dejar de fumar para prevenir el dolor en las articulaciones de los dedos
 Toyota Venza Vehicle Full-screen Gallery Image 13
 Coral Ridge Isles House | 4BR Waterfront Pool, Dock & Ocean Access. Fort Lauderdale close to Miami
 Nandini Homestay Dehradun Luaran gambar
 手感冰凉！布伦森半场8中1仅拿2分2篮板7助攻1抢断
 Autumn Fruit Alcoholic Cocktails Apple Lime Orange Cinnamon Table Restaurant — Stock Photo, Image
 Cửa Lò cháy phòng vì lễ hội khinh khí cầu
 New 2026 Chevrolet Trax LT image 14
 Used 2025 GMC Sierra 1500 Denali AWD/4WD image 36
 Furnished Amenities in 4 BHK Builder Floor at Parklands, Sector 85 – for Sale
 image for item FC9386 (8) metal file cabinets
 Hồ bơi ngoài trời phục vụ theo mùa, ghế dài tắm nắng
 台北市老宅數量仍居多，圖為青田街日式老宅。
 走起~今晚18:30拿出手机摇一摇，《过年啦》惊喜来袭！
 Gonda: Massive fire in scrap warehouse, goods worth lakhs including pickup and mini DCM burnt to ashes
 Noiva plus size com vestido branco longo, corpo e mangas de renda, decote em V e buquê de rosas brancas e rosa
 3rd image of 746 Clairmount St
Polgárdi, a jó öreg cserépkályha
◆ ◆ ◆ ◆ ◆
TASK PROMPT: Print exactly the lines between the line with "Noiva plus size" and the final line of the records above, both included.

RESPONSE TO THE EXERCISE:
 Noiva plus size com vestido branco longo, corpo e mangas de renda, decote em V e buquê de rosas brancas e rosa
 3rd image of 746 Clairmount St
Polgárdi, a jó öreg cserépkályha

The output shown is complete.